For a modern day example that even the kids might understand, look at the movie Hook. For those of you who haven't seen it, it's about Peter Pan, who actually left Neverland to marry Wendy's granddaughter. He is now a busy executive who barely has time for his children and he has forgotten who he really is. Hook comes and steals his kids away and Tink comes to bring Peter back. His children have heard the stories of Peter Pan but have no idea that their father is really that Peter. Finally, the man Peter regains his understanding of who he is…and when his kids see him again, the realization dawning on their faces is priceless. "My Dad's Peter Pan!?" But it changes them. It gives them the courage to stand up to the Pirates and especially Hook where before all they could do was cry, Daddy, save us!

This understanding of who and what Jesus really is and being willing to confess it to all the world is the very rock of the church's foundation.

We today say that Jesus gave Simon a new name. In a way this is true. There is no recorded history prior to this in either Aramaic or Greek that the word Rock was used as a name. But because Simon was willing to declare the truth about Jesus, the word stayed with him as a name…and he would be forever known by the foundational truth that he now grasped.

From then on, Simon Peter and the disciples would go around preaching and teaching and building a people that confessed Jesus as Lord - our very first creed. Even the term "binding and loosing" is a rabbinic term for authoritative teaching. In other words, who was qualified to interpret the Torah, to determine what was permitted and what was not. It was a term for those who could make the decisions for the life of the earthly community. And, so they did. The disciples through their teaching brought the rock of salvation to city and town and family.

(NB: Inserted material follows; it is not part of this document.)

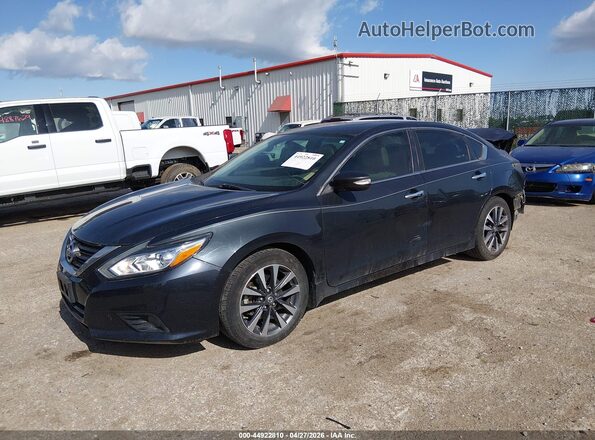 1N4AL3AP3GC278866 2016 NISSAN ALTIMA Black Передня ліва чверть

So, what is our name? We are Saint John's. I suppose we could hearken back to either John the Baptist, or the John of the gospels and the John of Revelation on the Isle of Patmos. Do we claim our identity and our purpose and our mission from the lives of either of these two saints? Are we preparing the way for those who are lost? Are we calling the many to turn their lives around? Do we have the eternal vision planted firmly in our planning? Or do we claim our identity from the meaning of the name, God is gracious? Is it not the basic foundation of being Lutheran.